Input for this task

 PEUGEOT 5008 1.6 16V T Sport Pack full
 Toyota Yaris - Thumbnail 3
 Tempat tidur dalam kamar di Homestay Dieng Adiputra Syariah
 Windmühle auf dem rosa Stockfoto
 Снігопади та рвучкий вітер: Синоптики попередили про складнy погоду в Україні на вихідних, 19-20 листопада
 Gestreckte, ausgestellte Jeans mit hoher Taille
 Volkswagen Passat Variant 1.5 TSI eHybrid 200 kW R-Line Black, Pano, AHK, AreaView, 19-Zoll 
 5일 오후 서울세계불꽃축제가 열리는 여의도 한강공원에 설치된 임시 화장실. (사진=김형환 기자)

What you need to do
Would you give the material above again, complete and exact?

Result
 PEUGEOT 5008 1.6 16V T Sport Pack full
 Toyota Yaris - Thumbnail 3
 Tempat tidur dalam kamar di Homestay Dieng Adiputra Syariah
 Windmühle auf dem rosa Stockfoto
 Снігопади та рвучкий вітер: Синоптики попередили про складнy погоду в Україні на вихідних, 19-20 листопада
 Gestreckte, ausgestellte Jeans mit hoher Taille
 Volkswagen Passat Variant 1.5 TSI eHybrid 200 kW R-Line Black, Pano, AHK, AreaView, 19-Zoll 
 5일 오후 서울세계불꽃축제가 열리는 여의도 한강공원에 설치된 임시 화장실. (사진=김형환 기자)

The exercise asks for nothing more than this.